God’s Acre Poem by Conrad Potter Aiken

God’s Acre

Rating: 2.6


In Memory Of. In Fondest Recollection Of.
In Loving Memory Of. In Fond
Remembrance. Died in October. Died at Sea.
Who died at sea? The name of the seaport
Escapes her, gone, blown with the eastwind, over
The tombs and yews, into the apple orchard,
Over the road, where gleams a wagon-top,
And gone. The eastwind gallops up from sea
Bringing salt and gulls. The marsh smell, too,
Strong in September; mud and reeds, the reeds
Rattling like bones.


She shifts the grass-clipper
From right to left hand, clips and clips the grass.
The broken column, carefully broken, on which
The blackbird hen is laughing—in fondest memory.
Burden! Who was this Burden, to be remembered?
Or Potter? The Potter rejected by the Pot.
‘Here lies Josephus Burden, who departed
This life the fourth of August, nineteen hundred.
“And He Said Come.” ’ Josephus Burden, forty,
Gross, ribald, with strong hands on which grew hair,
And red ears kinked with hair, and northblue eyes,
Held in one hand a hammer, in the other
A nail. He drove the nail . . . This was enough?
Or—also—did he love?


She changes back
The clipper. The blades are dull. The grass is wet
And gums the blades. In Loving Recollection.
Four chains, heavy, hang round the vault. What chance
For skeletons? The dead men rise at night,
Rattle the links. ‘Too heavy! can’t be budged . . .
Try once again—together—NOW! . . . no use.’
They sit in moonless shadow, gently talking.
‘Old Jones it must have been, who made those chains.
I’d like to see him lift them now!’ . . . The owl
That hunts in Wickham Wood comes over, mewing.
‘An owl,’ says one. ‘Most likely,’ says another.
They turn grey heads.


The seawind brings a breaking
Bell sound among the yews and tombstones, ringing
The twisted whorls of bronze on sunlit stones.
Sacred . . . memory . . . affectionate . . . O God
What travesty is this—the blackbird soils
The broken column; the worm at work in the skull
Feasts on medulla; and the lewd thrush cracks
A snailshell on the vault.

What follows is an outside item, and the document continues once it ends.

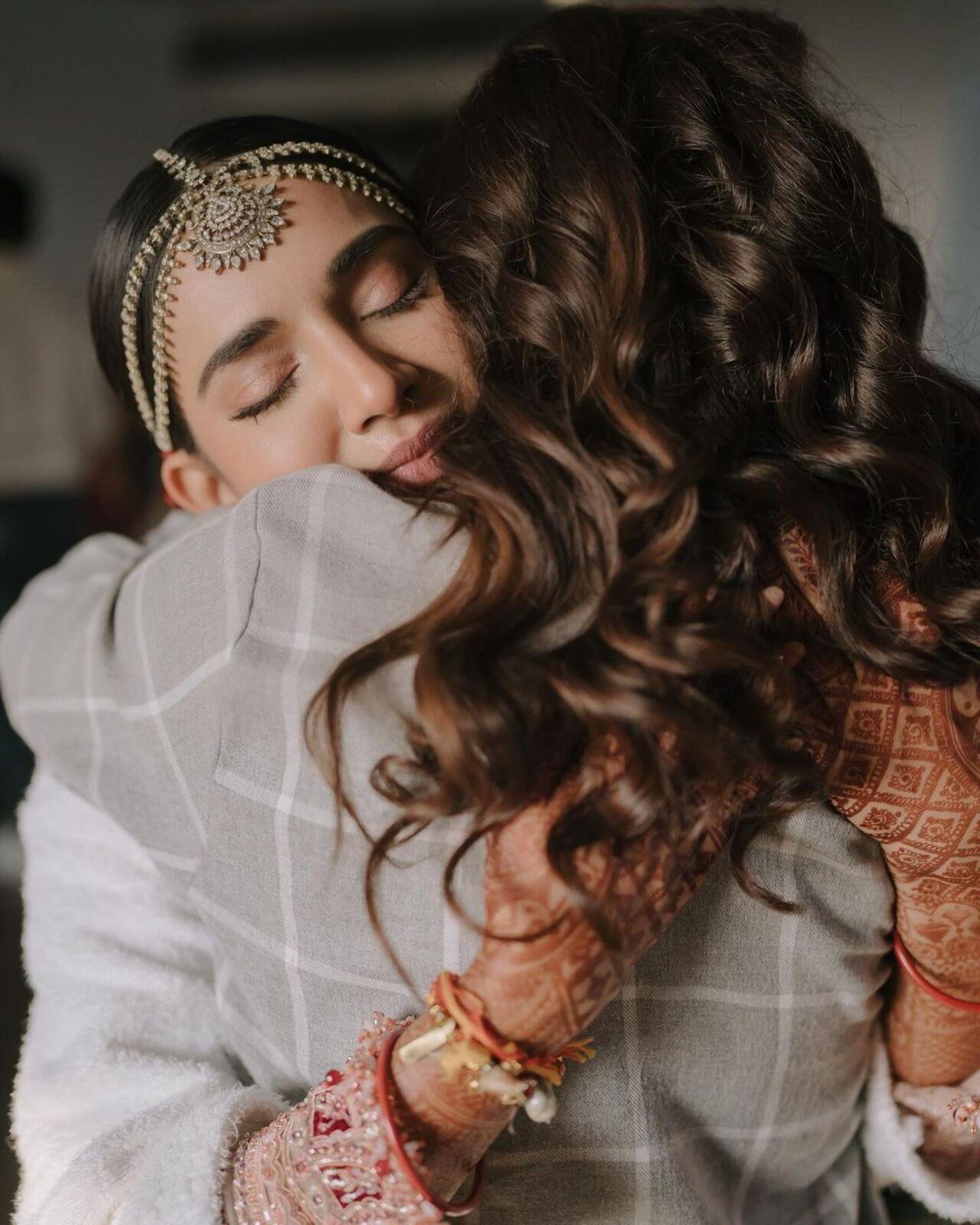 This photo shows the bride getting emotional as she hugs her sister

He died on shipboard—
Sea-burial, then, were better?


On her knees
She clips and clips, kneeling against the sod,
Holding the world between her two knees, pondering
Downward, as if her thought, like men or apples,
Fell ripely into earth. Seablue, her eyes
Turn to the sea. Sea-gulls are scavengers,
Cruel of face, but lovely. By the dykes
The reeds rattle, leaping in eastwind, rattling
Like bones. In Fond Remembrance Of. O God,
That life is what it is, and does not change.
You there in earth, and I above you kneeling.
You dead, and I alive.


She prods a plantain
Of too ambitious root. That largest yew-tree,
Clutching the hill—


She rises from stiff knees,
Stiffly, and treads the pebble path, that leads
Downward, to sea and town. The marsh smell comes
Healthy and salt, and fills her nostrils. Reeds
Dance in the eastwind, rattling; warblers dart
Flashing, from swaying reed to reed, and sing.